# Transport minister gaff again.



## raynipper (Aug 4, 2008)

Apart from his pathetic record and non attempts to solve the long running rail strikes in the SE.
Chris Grayling our transport minister now has knocked a cyclist off his bike. But he is on a safe seat!

http://www.huffingtonpost.co.uk/ent...-grid7|main5|dl1|sec1_lnk2&pLid=1075562932_uk

Ray.


----------



## Glandwr (Jun 12, 2006)

The man's a grinning idiot. Only reason he is in the cabinet is that May had so few Brexiters to choose from.

Dick


----------



## peribro (Sep 6, 2009)

Idiot cyclist undertaking yet again. I hope he gets sued for any damage caused to the ministerial car.


----------



## raynipper (Aug 4, 2008)

I think you should always be aware of passing traffic be it pedestrian or vehicular when opening doors or any other manoeuver. 

Ray.


----------



## KeithChesterfield (Mar 12, 2010)

That's terrible!


Why wasn't the cyclist on the pavement scaring the sh*t out of pedestrians?


----------



## nicholsong (May 26, 2009)

I used to ride from Barnes to the City(7 miles) most days for 2 years and I always overtook on the outside, for the reason in this incident. I did experience a stationary car pull out in front of me to turn right - fortunately I stayed upright, with no damage to me or the bike, but his Rover 3500 had brake handle scratches down all 4 offside panels> He knew he was wrong, so no argument, only his apology

It is almost impossible for a back-seat passenger to use the nearside wing mirror before opening the door, and turning one's head only gives a partial view.

Geoff


----------



## cabby (May 14, 2005)

Me too, when I rode from Forest Hill to the City.undertaking is silly at speed in London.Passengers cannot see anything coming up on the inside, it is the drivers job to check for the passenger.in fact the chaufer driver should be out of the car and opening the door himself.Lazy sod.:frown2::frown2:Taxi's at least can keep the doors locked until it is safe to alight.

cabby


----------



## nicholsong (May 26, 2009)

cabby said:


> Me too, when I rode from Forest Hill to the City.undertaking is silly at speed in London.Passengers cannot see anything coming up on the inside, it is the drivers job to check for the passenger.in fact the chaufer driver should be out of the car and opening the door himself.Lazy sod.:frown2::frown2:*Taxi's at least can keep the doors locked until it is safe to alight.*
> 
> cabby


I always thought it was till they had paid:laugh::laugh::laugh:


----------



## cabby (May 14, 2005)

Funny you should say that, but have a look if possible and watch Londoners pay off a cab, they mainly step out then pay.It is the only place I have seen this.

cabby


----------



## raynipper (Aug 4, 2008)

No one wants to take responsibility. It's always the mythical THEM.!!!

Ray.


----------



## Mrplodd (Mar 4, 2008)

Well my view is that it is always the responsibility of the overtaking vehicle to ensure that it safe to do so.

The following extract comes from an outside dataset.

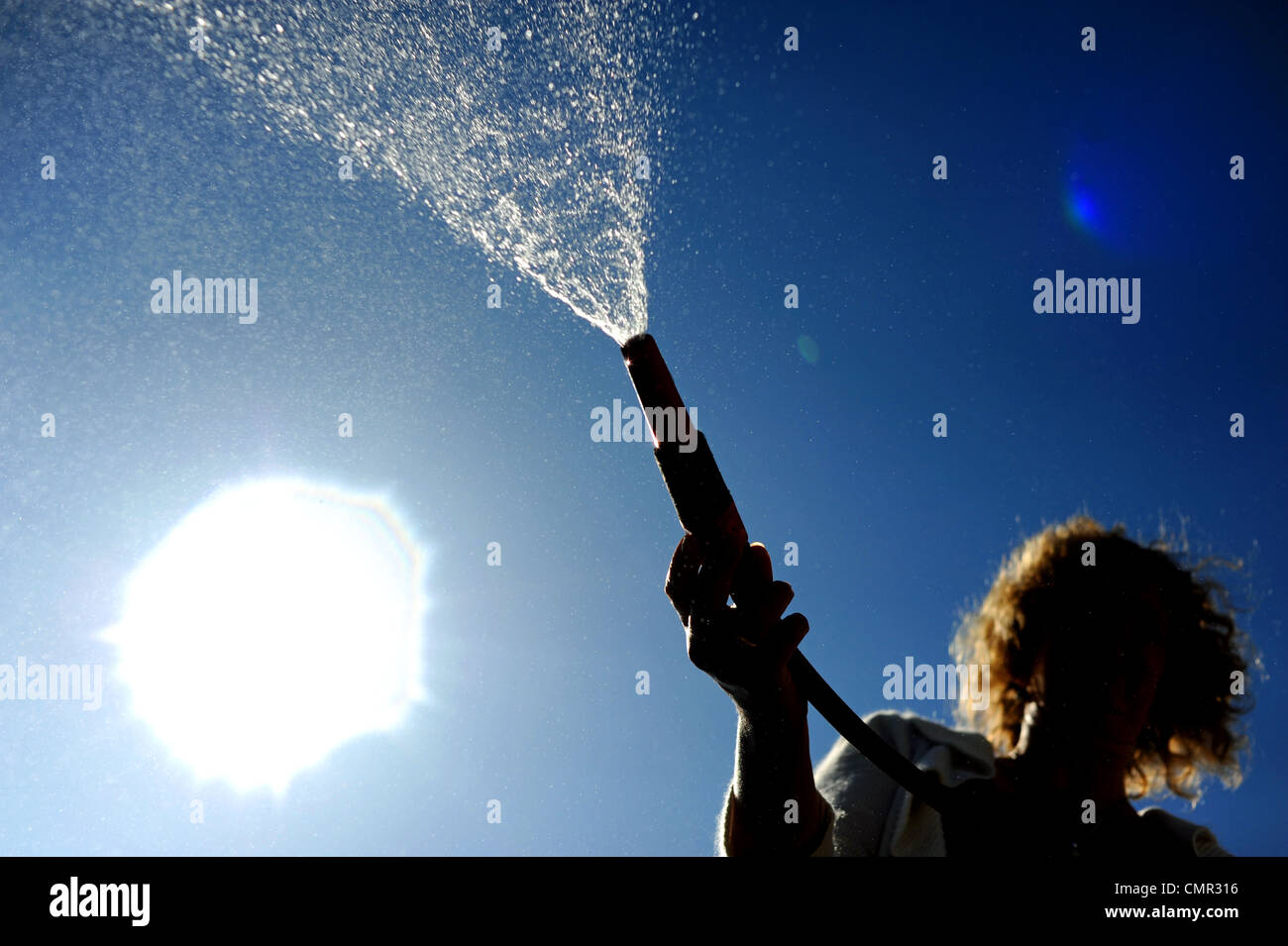 Woman using a garden hose . There are hosepipe bans planned for some parts of the south of England as rainfall is low Stock Photo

Personally I think the cyclist is 100% at fault here as he failed to ensure it was safe for him to UNDERtake !! The trouble is that the "Lycra Facists" will insist that no matter what happens it is ALWAYS the drivers fault and never the cyclists. I have same some VERY stupid maneuvers made by cyclists over the years, and, when "spoken" to have simply refused to accept that they could possibly do anything wrong as its alweays drivers that are wrong for being in their way!!!

Cylsits fault, 100%

Andy


----------



## Glandwr (Jun 12, 2006)

Mrplodd said:


> Well my view is that it is always the responsibility of the overtaking vehicle to ensure that it safe to do so.
> 
> Personally I think the cyclist is 100% at fault here as he failed to ensure it was safe for him to UNDERtake !! The trouble is that the "Lycra Facists" will insist that no matter what happens it is ALWAYS the drivers fault and never the cyclists. I have same some VERY stupid maneuvers made by cyclists over the years, and, when "spoken" to have simply refused to accept that they could possibly do anything wrong as its alweays drivers that are wrong for being in their way!!!
> 
> ...


Andy he was passing a stationary car, not over or undertaking it!

Dick


----------



## Mrplodd (Mar 4, 2008)

Yeah but no, but yeah, but no........... 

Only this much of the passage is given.